ENTRIES SHOWN section start

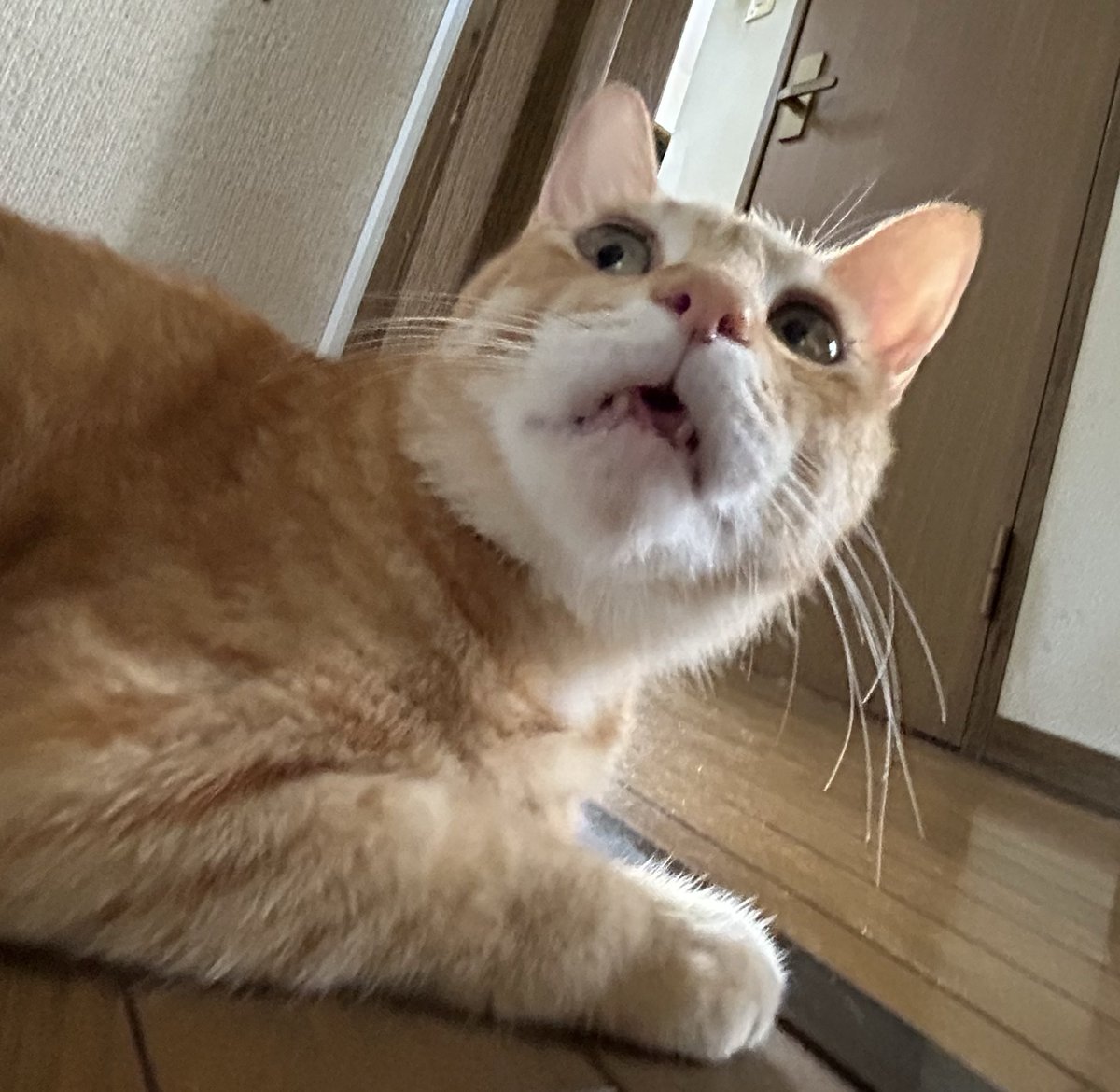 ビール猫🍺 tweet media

ENTRIES SHOWN section end
ENTRIES SHOWN section start

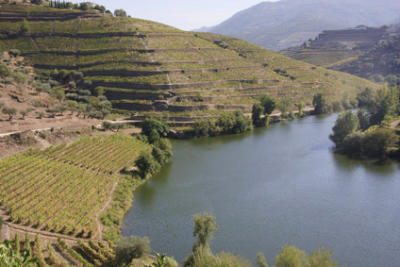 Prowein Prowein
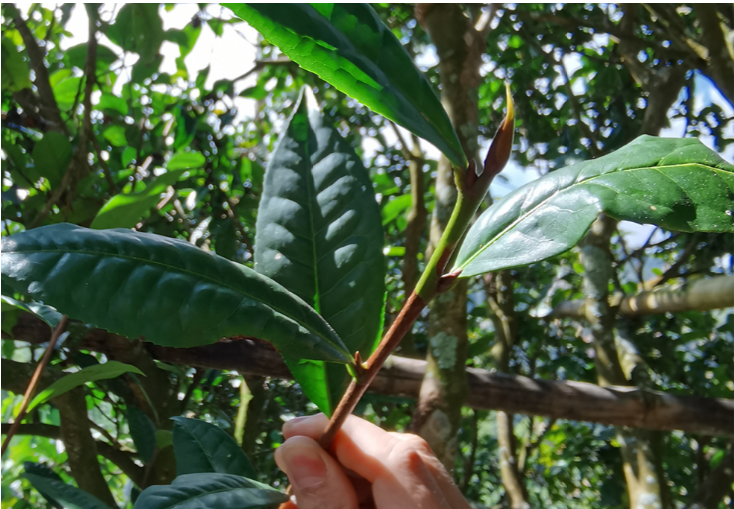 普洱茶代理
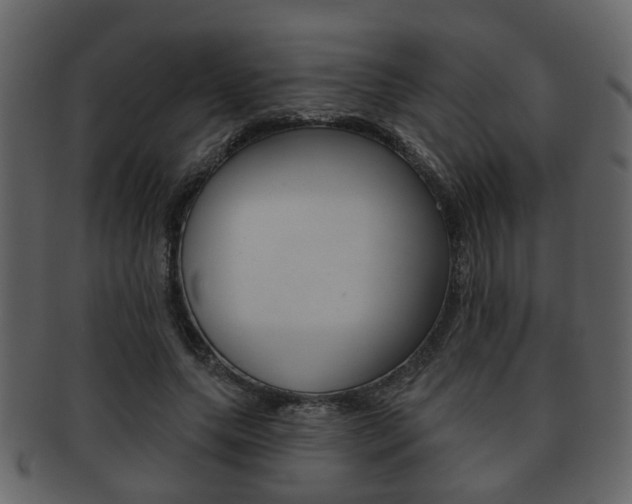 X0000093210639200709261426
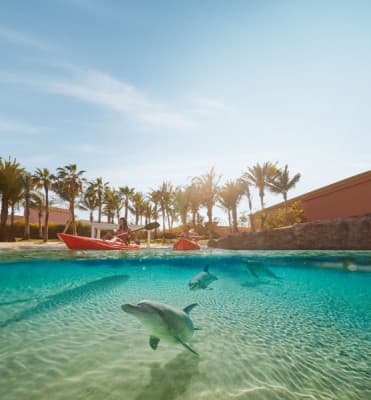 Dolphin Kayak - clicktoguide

ENTRIES SHOWN section end

Your answer should be the lines above, word for word, from the line with "Prowein Prowein" through the line with "Dolphin Kayak - clicktoguide", minus the pictures.

 Prowein Prowein
 普洱茶代理
 X0000093210639200709261426
 Dolphin Kayak - clicktoguide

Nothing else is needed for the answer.